START DATASET SECTION

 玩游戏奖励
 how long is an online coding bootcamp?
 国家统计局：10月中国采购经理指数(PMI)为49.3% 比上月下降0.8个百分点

END DATASET SECTION

**PROBLEM TO SOLVE:** Please output, exactly, the lines of the listing from the one containing "how long is an online coding bootcamp?" through the last, inclusive, and no other lines.

**RESULT BELOW:**
 how long is an online coding bootcamp?
 国家统计局：10月中国采购经理指数(PMI)为49.3% 比上月下降0.8个百分点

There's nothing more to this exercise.